It is no surprise to see Anna Kate Reid Hipp ’63 listed among the dynamic leaders of Mary Baldwin’s current fundraising effort. In the 1970s, she served in a top role for the New Directions Capital Campaign. She was national co-chair of the 1992 Sesquicentennial Campaign. Just a few years ago, she became a member of the college’s National Leadership Gifts Council.
Hipp is just as eager to rally donors this time around as she was 40 years ago.
“The Murphy Deming College of Health Sciences is the big, sustaining change that the college needs right now,” she said from Greenville, South Carolina, where she has established herself as a civic leader and philanthropist.
The Arkansas native came to Mary Baldwin with plans to transfer to an in-state university after her freshman year — as did most of her peers at the time. Hipp’s course changed quickly when she made close friends, enjoyed her classes … and met her future husband. She stayed. And she became one of the college’s most dedicated supporters — a legacy highlighted by becoming the first alumna and first woman to chair the Board of Trustees — during her nearly 25 years of service.
What’s unique about generous gifts from Hipp and her husband, Hayne, over the past five decades is that they have rarely been designated for specific projects or programs. By keeping close counsel with college leaders, she repeatedly demonstrates confidence in their ability to know where funds will be most effective. The Hipp Innovation Fund, created in 2007 to support college-wide efforts to increase enrollment, is a prime example of how she finds exactly what MBC needs at the time.
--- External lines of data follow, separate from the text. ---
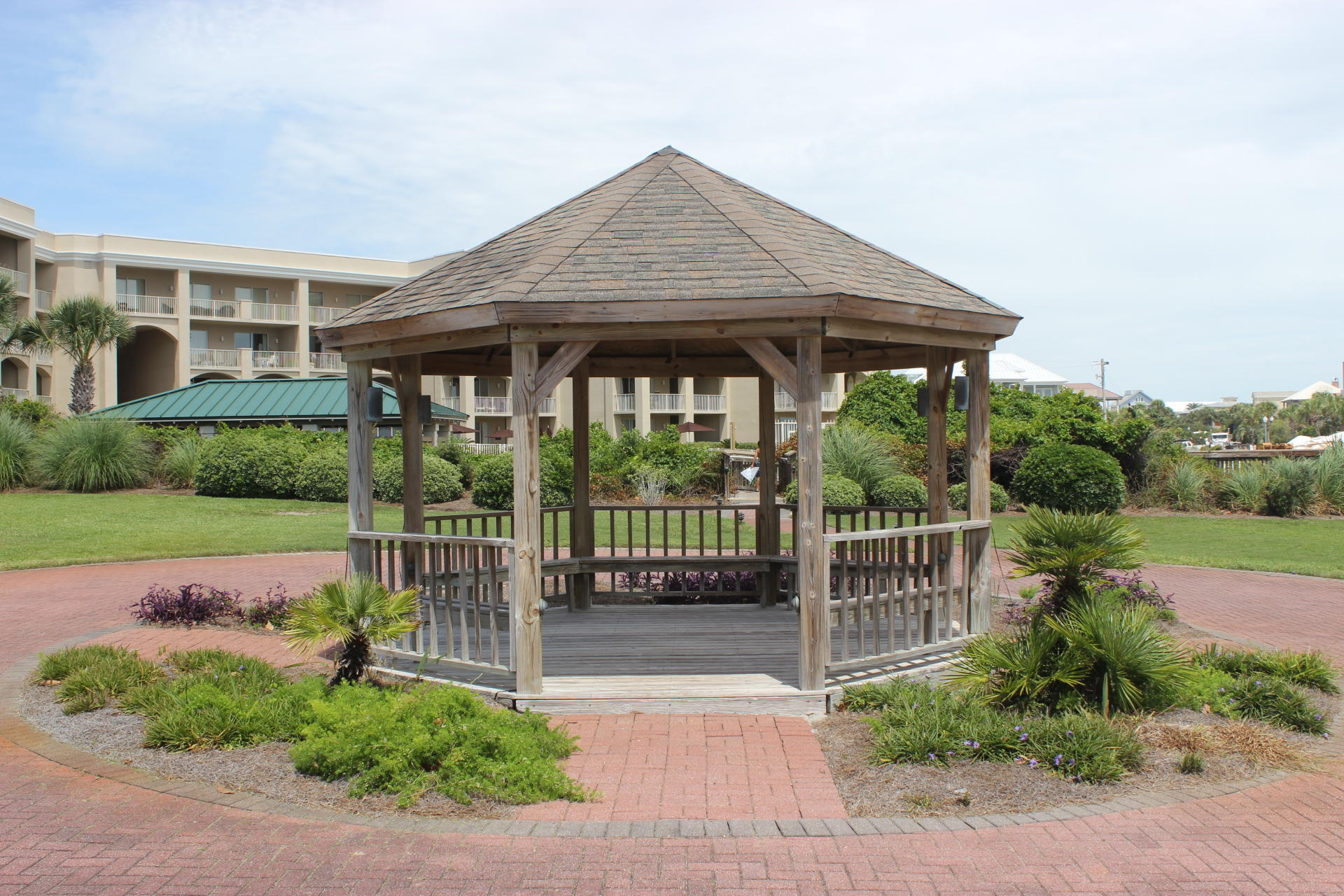 SEAHAUNTS - Residential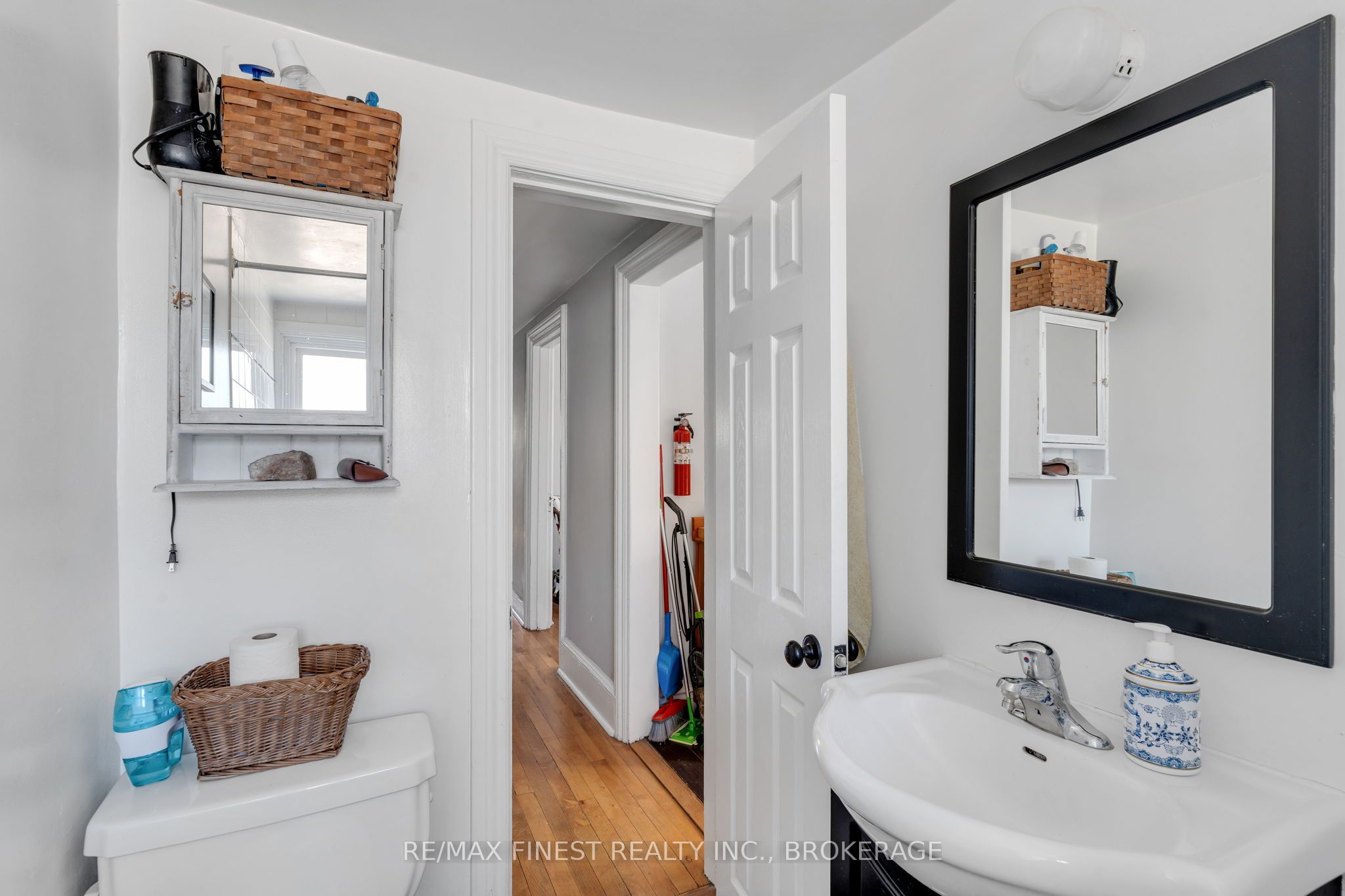 325 Sydenham Street Property Photo 27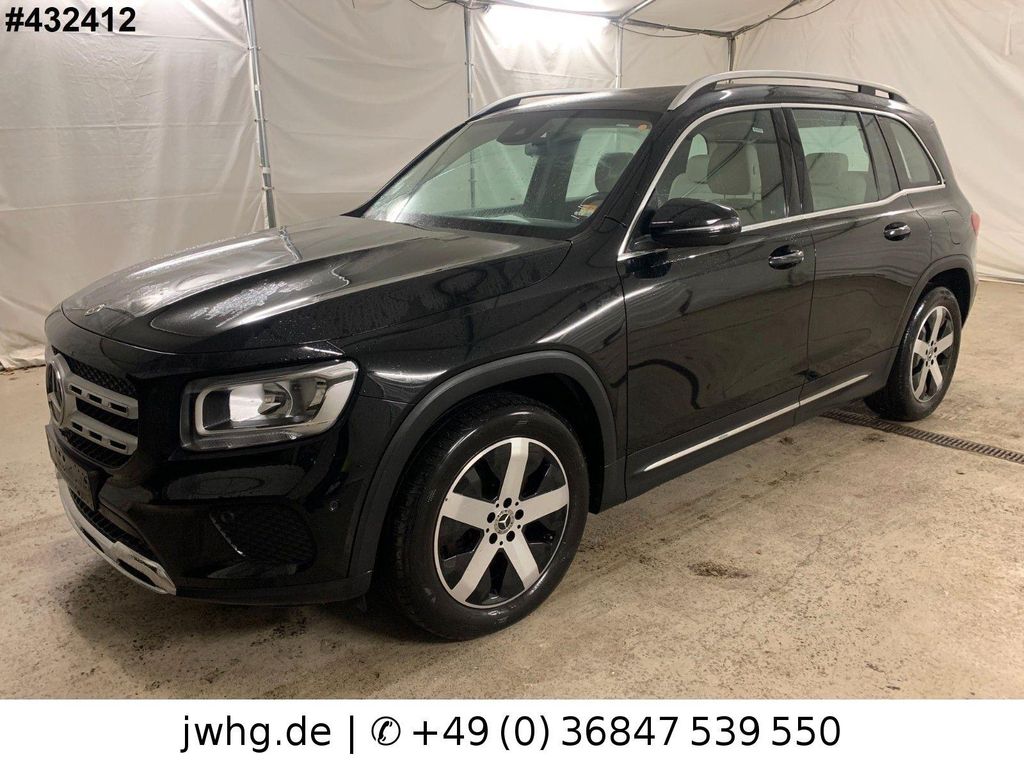 Mercedes-Benz GLB 220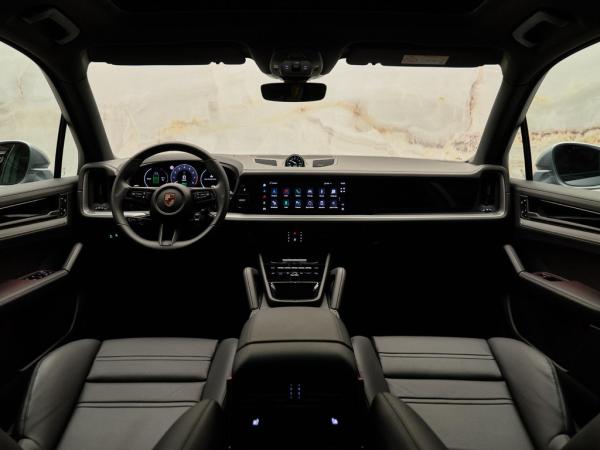 Porsche Cayenne 3.0 E-Hybrid | Porsche occasion Porsche Cayenne 3.0 E-Hybrid | Porsche occasion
In turn, fundraisers know that they can count on Hipp’s contributions to the Baldwin Fund and on her support for the popular Doenges Visiting Artist/Scholar program, established in memory of her former classmate, Elizabeth “Liddy” Kirkpatrick Doenges.
“I have to admit that I’m a little selfish: I want to see things happen in my lifetime,” said Hipp, explaining that her philanthropy is focused on directing funds “right into the bloodstream of the institution.”
As she prepares to celebrate her 50th Reunion in 2013, Hipp recognizes that the educational needs and opportunities for women have changed dramatically since her college years. While some women’s colleges have been reluctant to change — and paid the price by closing their doors or becoming co-ed schools — Mary Baldwin has adapted accordingly, reimagining itself without losing the core undergraduate women’s program, she said.
“My favorite cause is Mary Baldwin College,” she said. “I have been involved in her life for so long. I give generously, give gladly, give for the pleasure of giving, and I give because it does make a difference.”